Given records
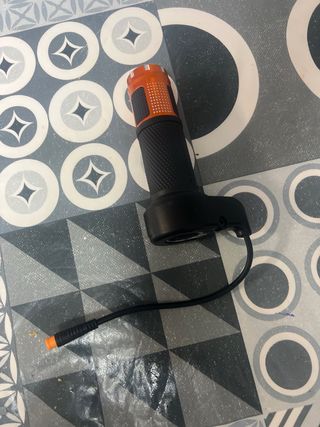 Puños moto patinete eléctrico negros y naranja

* * *

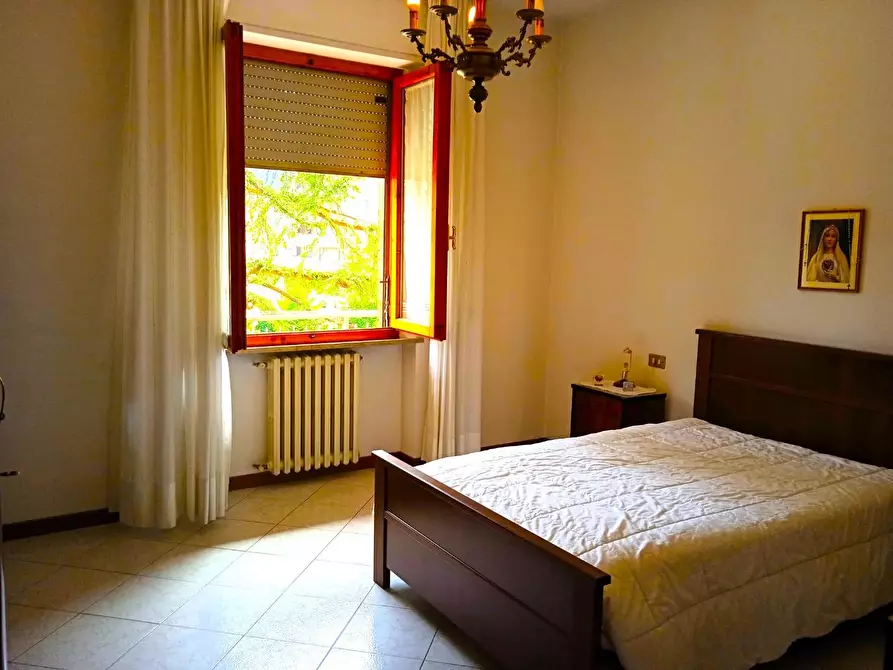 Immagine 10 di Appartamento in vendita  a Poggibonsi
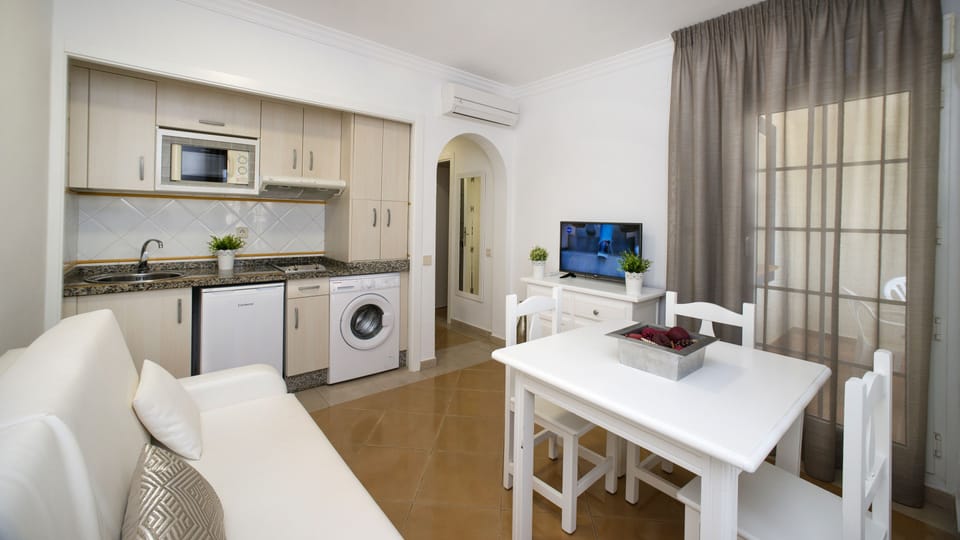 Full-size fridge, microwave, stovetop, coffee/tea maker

What the exercise asks
The lines to copy exactly start with the line above that has "Immagine 10 di" and go on through the line that has "Full-size fridge, microwave, stovetop, coffee/tea"; please include both, add nothing else, and omit the pictures.

Answer to the exercise
 Immagine 10 di Appartamento in vendita  a Poggibonsi
 Full-size fridge, microwave, stovetop, coffee/tea maker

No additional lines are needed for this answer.